Von den Landungsbrücken aus sind die großen Kräne der Terminals im Hamburger Hafen zu sehen. Von Schleppern begleitet verlässt ein Containerschiff gerade den Hafen. „Das da drüben ist der Hafen, nicht hier an den Landungsbrücken“, betont Ristau. „Für die Seeleute ist dieses Ufer weit weg, die meisten kommen hier nicht rüber. Der Seemannsclub Duckdalben auf der anderen Seite ist daher die erste Anlaufstelle für die Seeleute.“
Seemannsmission als das menschliche Gesicht für Seeleute im Hafen
Als Seemannspastor war er noch viel „dort drüben“, als Generalsekretär ist er weltweit unterwegs und macht Stationsbesuche. Er weiß um die Schwierigkeiten, die Seeleute überall auf der Welt haben. „Es ist ein altes Grundrecht der Seeleute Landgang zu haben, aber es ist längst nicht überall gewährleistet. Hinzu kommt, dass viele Containerschiffe nur 24 Stunden im Hafen liegen.“
Internet an Bord, Ruhe- und Arbeitszeiten, Krankenversicherung auch im Urlaub, Arbeitsverträge und immer wieder die Wertschätzung – während die Fähre Richtung Fischmarkt schippert, zählt Ristau die wichtigsten Punkte für die Arbeit mit den Seeleuten auf. „Kirche und Diakonie werden hier tätig, weil es sonst keiner macht!“, so Ristau. Die Aufgabe gehöre zum christlichen Selbstverständnis. „In der Nachfolge Jesu, der sich für die einsetzt, die andere übersehen, setzen wir uns für Seeleute ein“, sagt Ristau.

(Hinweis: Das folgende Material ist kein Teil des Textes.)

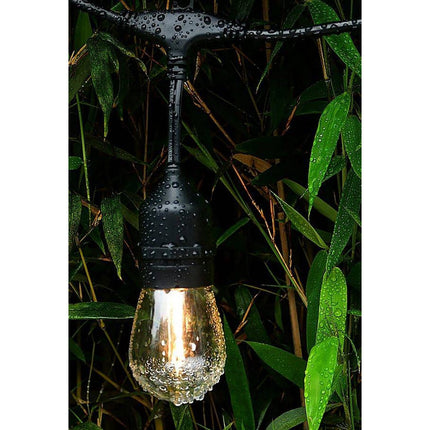 Lichtsnoer buiten 10 meter waterdicht E27 Fittingen incl. 20 LED Lampen - tuinverlichting - Lichtslinger voor binnen en buiten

Zum Beispiel auch in der Deutschen Seemannsmission Hamburg-Altona, wo man die Bedürfnisse der Seeleute, ihre praktischen Probleme kennt. Heimleiter Fiete Sturm kümmert sich um die Seelsorge der Seeleute. „Es ist hier freundlich familiär, aber hochprofessionell. Wir sind das menschliche Gesicht im Hafen“, betont der Diakon. In der Seefahrt würden Seeleute „entmenschlicht“, nicht mal mit Namen werde man an Bord angesprochen, dem setzt man hier in Altona eine große Portion Menschlichkeit und Mitgefühl entgegen.
Wie viele Seeleute in die Häfen kommen? Schwer zu sagen, sagt Matthias Ristau. „Es gibt jede Menge Statistiken über Schiffe, über die Fracht, den Umsatz, die Anzahl von Passagieren, aber keine über Seeleute. Sie kommen wie bei vielem anderen einfach nicht vor.“ Um die Ecke, wieder Richtung Landungsbrücken, gibt es dann noch einen letzten Stopp auf der Tour mit Matthias Ristau. Oberhalb des Fischmarktes steht die Madonna der Seefahrt, eine große Skulptur, die an Seeleute erinnern soll, die auf See geblieben sind. Da ist es wieder, das Sichtbarmachen der Unsichtbaren, das Matthias Ristau so wichtig ist.